## Exercise prompt
Line by line, give the data again exactly as it appears.

+++ Entries supplied

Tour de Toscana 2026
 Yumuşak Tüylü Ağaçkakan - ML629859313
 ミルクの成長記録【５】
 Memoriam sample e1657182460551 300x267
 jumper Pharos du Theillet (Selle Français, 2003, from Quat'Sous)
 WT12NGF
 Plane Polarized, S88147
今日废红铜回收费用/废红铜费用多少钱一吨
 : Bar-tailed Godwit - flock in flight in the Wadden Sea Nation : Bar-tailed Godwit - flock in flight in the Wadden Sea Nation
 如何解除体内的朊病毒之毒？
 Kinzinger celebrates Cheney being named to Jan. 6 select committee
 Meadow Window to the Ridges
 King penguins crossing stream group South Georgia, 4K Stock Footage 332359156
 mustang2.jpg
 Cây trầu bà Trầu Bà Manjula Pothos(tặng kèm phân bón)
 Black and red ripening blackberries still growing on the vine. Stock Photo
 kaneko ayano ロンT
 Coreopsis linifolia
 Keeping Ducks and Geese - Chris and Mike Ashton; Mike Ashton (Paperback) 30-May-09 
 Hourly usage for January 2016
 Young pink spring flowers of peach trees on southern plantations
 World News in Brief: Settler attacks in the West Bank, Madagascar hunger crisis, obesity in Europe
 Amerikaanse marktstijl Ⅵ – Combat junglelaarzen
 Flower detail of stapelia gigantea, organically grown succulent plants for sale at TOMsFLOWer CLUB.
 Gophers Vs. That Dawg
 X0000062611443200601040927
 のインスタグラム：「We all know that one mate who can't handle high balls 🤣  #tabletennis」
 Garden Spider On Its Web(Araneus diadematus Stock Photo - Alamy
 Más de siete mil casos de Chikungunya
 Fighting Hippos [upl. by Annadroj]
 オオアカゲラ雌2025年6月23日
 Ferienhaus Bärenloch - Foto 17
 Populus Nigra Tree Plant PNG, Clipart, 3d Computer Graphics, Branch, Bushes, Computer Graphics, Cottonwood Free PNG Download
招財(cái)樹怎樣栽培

++++++

## Result of the task
Tour de Toscana 2026
 Yumuşak Tüylü Ağaçkakan - ML629859313
 ミルクの成長記録【５】
 Memoriam sample e1657182460551 300x267
 jumper Pharos du Theillet (Selle Français, 2003, from Quat'Sous)
 WT12NGF
 Plane Polarized, S88147
今日废红铜回收费用/废红铜费用多少钱一吨
 : Bar-tailed Godwit - flock in flight in the Wadden Sea Nation : Bar-tailed Godwit - flock in flight in the Wadden Sea Nation
 如何解除体内的朊病毒之毒？
 Kinzinger celebrates Cheney being named to Jan. 6 select committee
 Meadow Window to the Ridges
 King penguins crossing stream group South Georgia, 4K Stock Footage 332359156
 mustang2.jpg
 Cây trầu bà Trầu Bà Manjula Pothos(tặng kèm phân bón)
 Black and red ripening blackberries still growing on the vine. Stock Photo
 kaneko ayano ロンT
 Coreopsis linifolia
 Keeping Ducks and Geese - Chris and Mike Ashton; Mike Ashton (Paperback) 30-May-09 
 Hourly usage for January 2016
 Young pink spring flowers of peach trees on southern plantations
 World News in Brief: Settler attacks in the West Bank, Madagascar hunger crisis, obesity in Europe
 Amerikaanse marktstijl Ⅵ – Combat junglelaarzen
 Flower detail of stapelia gigantea, organically grown succulent plants for sale at TOMsFLOWer CLUB.
 Gophers Vs. That Dawg
 X0000062611443200601040927
 のインスタグラム：「We all know that one mate who can't handle high balls 🤣  #tabletennis」
 Garden Spider On Its Web(Araneus diadematus Stock Photo - Alamy
 Más de siete mil casos de Chikungunya
 Fighting Hippos [upl. by Annadroj]
 オオアカゲラ雌2025年6月23日
 Ferienhaus Bärenloch - Foto 17
 Populus Nigra Tree Plant PNG, Clipart, 3d Computer Graphics, Branch, Bushes, Computer Graphics, Cottonwood Free PNG Download
招財(cái)樹怎樣栽培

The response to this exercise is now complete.